• ENTRIES SUPPLIED
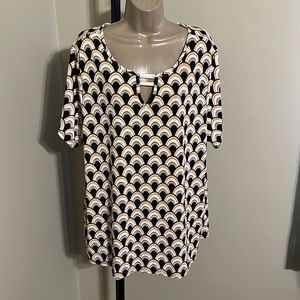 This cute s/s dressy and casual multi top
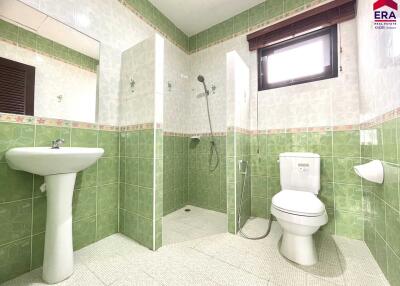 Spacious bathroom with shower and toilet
--
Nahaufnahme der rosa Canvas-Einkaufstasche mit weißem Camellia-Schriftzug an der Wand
* * *
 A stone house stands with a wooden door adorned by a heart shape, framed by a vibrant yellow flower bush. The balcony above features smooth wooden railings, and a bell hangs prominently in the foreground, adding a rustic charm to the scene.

• AIM OF THE TASK
Within the entries above, the lines from the one containing "This cute s/s dressy and casual multi top" through the one containing "Spacious bathroom with shower and toilet" are to be transcribed exactly, ends included, pictures excluded.

• SOLUTION FOR THIS PROBLEM
 This cute s/s dressy and casual multi top
 Spacious bathroom with shower and toilet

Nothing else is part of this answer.